Case study: Woodlands Infant School

Woodlands Infant School is a two form entry school with it’s own Nursery with two part-time classes teaching through to the end of Year 2. It’s location is in Shirley, Solihull not far from the east of Birmingham’s border.

changing cultures Directors all worked with Woodlands during its time as a Creative Partnerships School in 2008 to 2011 with Claire Marshall supporting them throughout and continuing to work with them into 2012.

From the beginning the school was keen to look at how the arts and wider creative approaches could be used to transform the teaching delivery and the learning experiences within the school. This began with a small enquiry project with one year group focussing on improving the maths learning of the children in Reception (ages 4-5). They worked with a drama specialist over two terms exploring through the stories of the Three Billy Goats Gruff and the Gingerbread Man many maths and other problems to be solved that actively involved children and staff in the learning experiences. This project was a huge success and impacted on the children’s understanding and achievements in maths and other curriculum areas, as well as impacted on the Teachers and Teaching Assistants who changed their practice as a result of the project. They learnt from the process and could see how a different approach to planning and delivering the curriculum could have greater engagement for the children and therefore improved outcomes for the children.

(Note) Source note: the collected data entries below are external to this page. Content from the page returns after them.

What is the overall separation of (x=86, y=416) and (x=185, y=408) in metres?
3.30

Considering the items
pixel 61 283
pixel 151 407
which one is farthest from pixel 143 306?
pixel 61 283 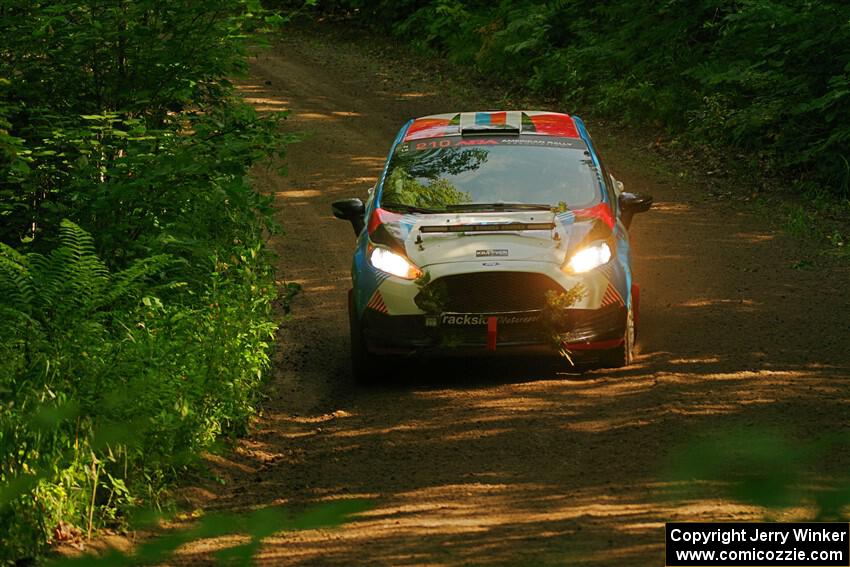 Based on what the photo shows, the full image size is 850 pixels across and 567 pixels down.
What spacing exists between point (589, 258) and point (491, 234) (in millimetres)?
785

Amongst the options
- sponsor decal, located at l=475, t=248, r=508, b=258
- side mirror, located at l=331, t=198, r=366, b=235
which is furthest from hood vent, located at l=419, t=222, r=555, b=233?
side mirror, located at l=331, t=198, r=366, b=235

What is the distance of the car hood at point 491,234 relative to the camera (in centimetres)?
874

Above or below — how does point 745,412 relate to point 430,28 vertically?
below

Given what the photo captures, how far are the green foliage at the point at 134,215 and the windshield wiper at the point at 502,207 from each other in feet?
5.25

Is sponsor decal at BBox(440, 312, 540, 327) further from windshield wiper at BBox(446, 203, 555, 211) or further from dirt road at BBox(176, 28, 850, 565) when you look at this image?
windshield wiper at BBox(446, 203, 555, 211)

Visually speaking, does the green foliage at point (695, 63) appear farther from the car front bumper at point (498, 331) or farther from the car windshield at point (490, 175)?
the car front bumper at point (498, 331)

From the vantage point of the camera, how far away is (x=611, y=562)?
507 cm

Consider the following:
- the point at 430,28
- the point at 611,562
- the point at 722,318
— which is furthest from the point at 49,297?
the point at 430,28

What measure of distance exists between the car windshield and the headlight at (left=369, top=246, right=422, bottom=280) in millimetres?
584

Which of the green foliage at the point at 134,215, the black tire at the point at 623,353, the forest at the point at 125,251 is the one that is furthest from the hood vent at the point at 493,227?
the green foliage at the point at 134,215

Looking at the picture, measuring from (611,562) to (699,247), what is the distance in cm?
979

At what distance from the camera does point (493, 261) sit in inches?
341

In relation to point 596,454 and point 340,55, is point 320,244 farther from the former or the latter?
point 340,55

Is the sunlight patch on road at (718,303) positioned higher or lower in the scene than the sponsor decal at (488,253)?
lower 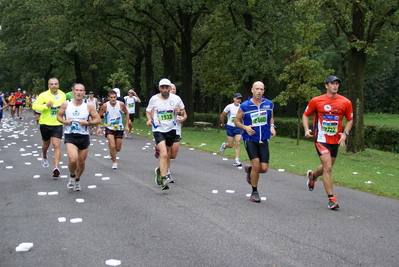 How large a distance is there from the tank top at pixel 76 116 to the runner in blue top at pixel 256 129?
9.37ft

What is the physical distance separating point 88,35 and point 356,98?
63.3 feet

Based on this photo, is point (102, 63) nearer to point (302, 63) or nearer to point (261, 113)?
point (302, 63)

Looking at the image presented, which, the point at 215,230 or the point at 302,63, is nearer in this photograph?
the point at 215,230

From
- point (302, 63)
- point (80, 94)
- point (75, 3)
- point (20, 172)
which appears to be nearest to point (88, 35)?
point (75, 3)

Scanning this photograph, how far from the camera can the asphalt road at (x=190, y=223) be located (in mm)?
5469

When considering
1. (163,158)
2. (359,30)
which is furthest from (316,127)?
(359,30)

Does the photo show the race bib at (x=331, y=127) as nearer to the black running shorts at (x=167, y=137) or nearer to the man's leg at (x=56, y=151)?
the black running shorts at (x=167, y=137)

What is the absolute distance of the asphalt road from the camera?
547 centimetres

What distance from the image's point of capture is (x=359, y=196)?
9.45m

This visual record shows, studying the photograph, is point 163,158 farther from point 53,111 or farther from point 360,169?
point 360,169

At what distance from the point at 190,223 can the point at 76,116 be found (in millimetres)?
3504

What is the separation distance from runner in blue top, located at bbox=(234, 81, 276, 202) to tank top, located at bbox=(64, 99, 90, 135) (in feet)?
9.37

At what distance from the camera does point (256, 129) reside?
28.5 feet

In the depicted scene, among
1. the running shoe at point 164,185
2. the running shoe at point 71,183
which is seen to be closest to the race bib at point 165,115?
the running shoe at point 164,185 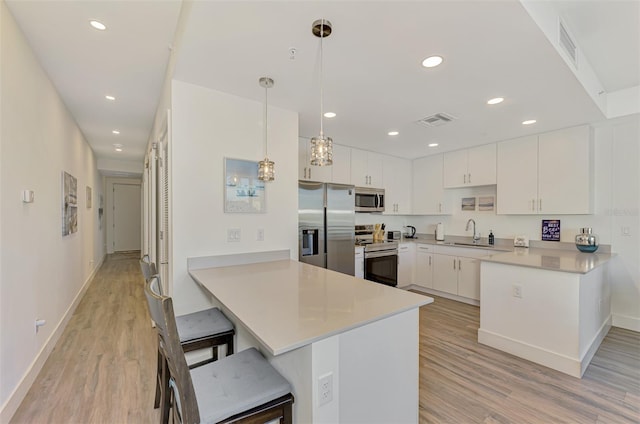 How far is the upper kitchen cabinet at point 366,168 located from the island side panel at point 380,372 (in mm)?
3116

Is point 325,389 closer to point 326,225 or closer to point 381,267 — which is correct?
point 326,225

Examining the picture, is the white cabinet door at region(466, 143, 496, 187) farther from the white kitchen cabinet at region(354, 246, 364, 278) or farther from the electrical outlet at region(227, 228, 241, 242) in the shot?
the electrical outlet at region(227, 228, 241, 242)

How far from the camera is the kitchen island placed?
2.39 metres

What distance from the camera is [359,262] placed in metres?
4.15

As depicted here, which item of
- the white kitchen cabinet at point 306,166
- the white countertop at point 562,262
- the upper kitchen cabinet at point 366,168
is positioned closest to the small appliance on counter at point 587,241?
the white countertop at point 562,262

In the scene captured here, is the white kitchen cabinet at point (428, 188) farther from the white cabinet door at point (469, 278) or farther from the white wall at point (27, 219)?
the white wall at point (27, 219)

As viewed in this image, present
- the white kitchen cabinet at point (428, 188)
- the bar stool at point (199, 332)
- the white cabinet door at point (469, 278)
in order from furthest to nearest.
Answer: the white kitchen cabinet at point (428, 188) < the white cabinet door at point (469, 278) < the bar stool at point (199, 332)

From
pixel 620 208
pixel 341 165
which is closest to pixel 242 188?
pixel 341 165

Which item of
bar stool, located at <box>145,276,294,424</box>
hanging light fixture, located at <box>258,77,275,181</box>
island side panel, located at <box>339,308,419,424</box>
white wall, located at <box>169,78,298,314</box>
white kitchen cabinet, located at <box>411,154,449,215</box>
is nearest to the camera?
bar stool, located at <box>145,276,294,424</box>

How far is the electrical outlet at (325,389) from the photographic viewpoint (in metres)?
1.17

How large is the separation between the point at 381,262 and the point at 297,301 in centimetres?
308

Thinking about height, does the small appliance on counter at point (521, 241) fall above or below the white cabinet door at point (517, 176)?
below

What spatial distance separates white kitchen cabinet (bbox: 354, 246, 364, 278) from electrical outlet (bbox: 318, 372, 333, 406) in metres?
2.94

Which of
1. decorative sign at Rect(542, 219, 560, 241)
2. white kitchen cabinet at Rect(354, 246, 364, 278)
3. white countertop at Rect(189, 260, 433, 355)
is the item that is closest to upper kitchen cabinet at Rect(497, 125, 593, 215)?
decorative sign at Rect(542, 219, 560, 241) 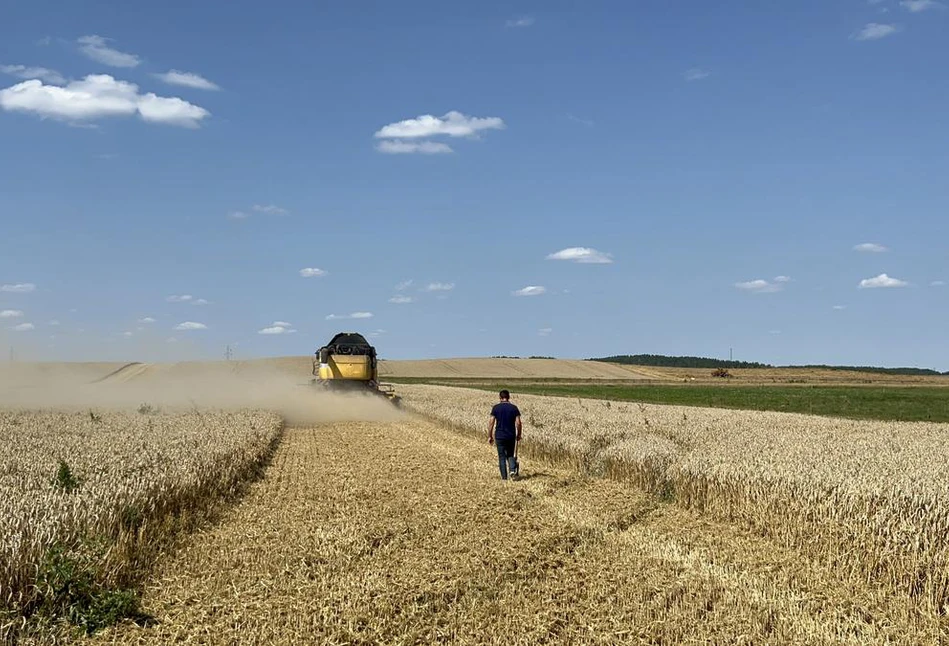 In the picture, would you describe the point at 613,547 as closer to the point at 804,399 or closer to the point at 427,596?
the point at 427,596

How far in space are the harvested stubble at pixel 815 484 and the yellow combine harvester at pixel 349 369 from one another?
1739cm

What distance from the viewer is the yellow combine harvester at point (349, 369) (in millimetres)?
39750

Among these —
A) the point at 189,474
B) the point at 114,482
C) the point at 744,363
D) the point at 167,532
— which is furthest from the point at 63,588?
the point at 744,363

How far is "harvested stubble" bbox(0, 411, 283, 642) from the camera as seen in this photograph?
7.84 metres

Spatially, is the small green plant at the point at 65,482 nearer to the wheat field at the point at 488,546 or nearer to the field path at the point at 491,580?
the wheat field at the point at 488,546

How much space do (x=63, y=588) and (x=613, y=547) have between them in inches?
247


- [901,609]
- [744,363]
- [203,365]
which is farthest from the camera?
[744,363]

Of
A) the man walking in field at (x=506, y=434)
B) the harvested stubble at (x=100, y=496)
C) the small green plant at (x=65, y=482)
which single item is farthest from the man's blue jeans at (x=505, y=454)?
the small green plant at (x=65, y=482)

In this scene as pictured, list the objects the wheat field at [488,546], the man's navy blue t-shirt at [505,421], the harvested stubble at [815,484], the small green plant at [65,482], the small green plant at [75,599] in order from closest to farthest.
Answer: the small green plant at [75,599] → the wheat field at [488,546] → the harvested stubble at [815,484] → the small green plant at [65,482] → the man's navy blue t-shirt at [505,421]

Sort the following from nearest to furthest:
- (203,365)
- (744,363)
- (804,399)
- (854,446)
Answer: (854,446)
(804,399)
(203,365)
(744,363)

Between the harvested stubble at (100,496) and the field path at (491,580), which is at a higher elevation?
the harvested stubble at (100,496)

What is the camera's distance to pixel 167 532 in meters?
10.8

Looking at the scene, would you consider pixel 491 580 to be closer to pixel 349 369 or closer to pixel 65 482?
pixel 65 482

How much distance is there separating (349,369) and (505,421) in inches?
935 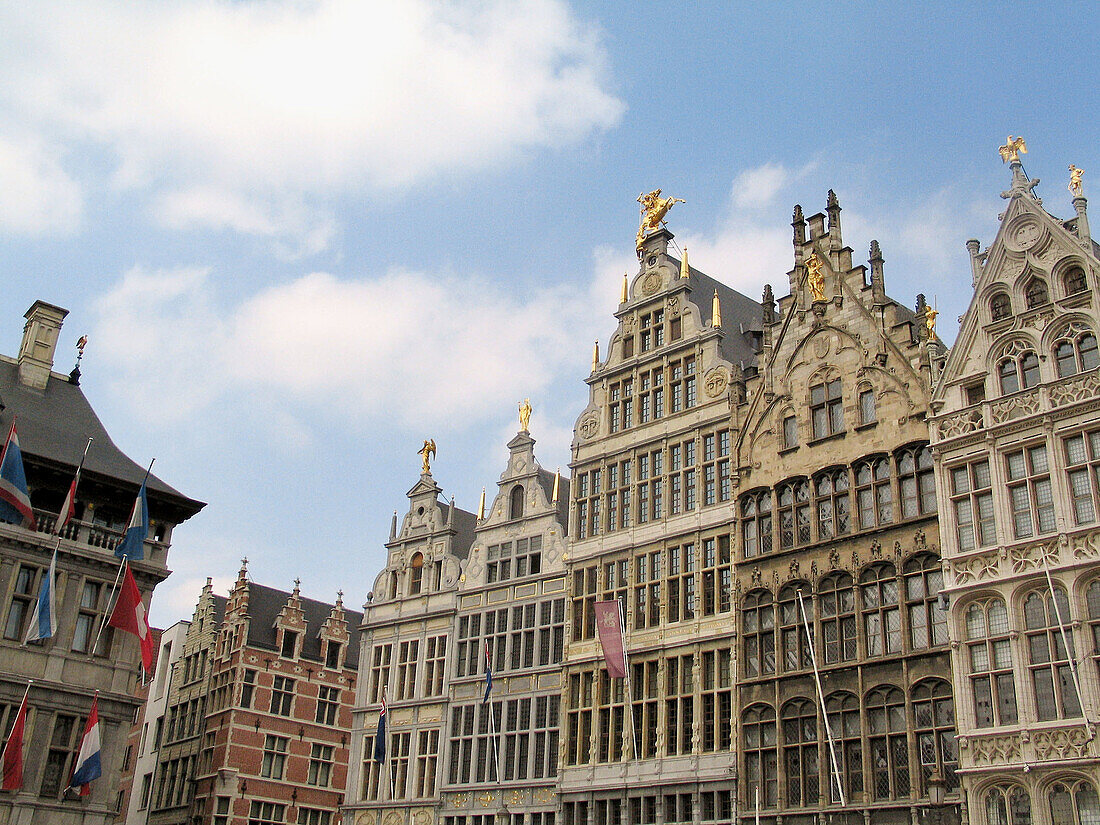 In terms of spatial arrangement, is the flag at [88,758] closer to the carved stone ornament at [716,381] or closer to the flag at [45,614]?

From this a two-year change school programme was developed in line with the schools new priorities of creating a thematic and creative curriculum to engage all children and staff actively, meeting Ofsted Outstanding criteria and ensuring progress and attainment for the children. Learning from the enquiry project, each year group was partnered with a creative practitioner: Nursery with a visual artist (cc’s Nicola Richardson); Reception with a storyteller/dancer (cc’s Nikky Smedley); Year 1 and Year 2 with drama practitioners (Gillian Thwaite and cc’s Michael Supple respectively). cc’s Claire Marshall continued to provide the school with guidance and support from planning to evaluation and supported the creative team in designing the whole school inset; development programme for staff and the projects with each year group.

After joint planning with staff and whole school inset, each Year group delivered a new curriculum approach for a term to pilot the approaches, record impact and effectiveness as well as note areas for development. From this success planning began for a whole academic year of a new curriculum. In essence the team enabled staff to: pair down planning to its essence; include some new elements to enable the content to be engaging, accessible and respond to the children’s interests; provide a role for parents to be involved; include a visit or visitor to make real the learning experiences; provide a creative and written outcome of the learning.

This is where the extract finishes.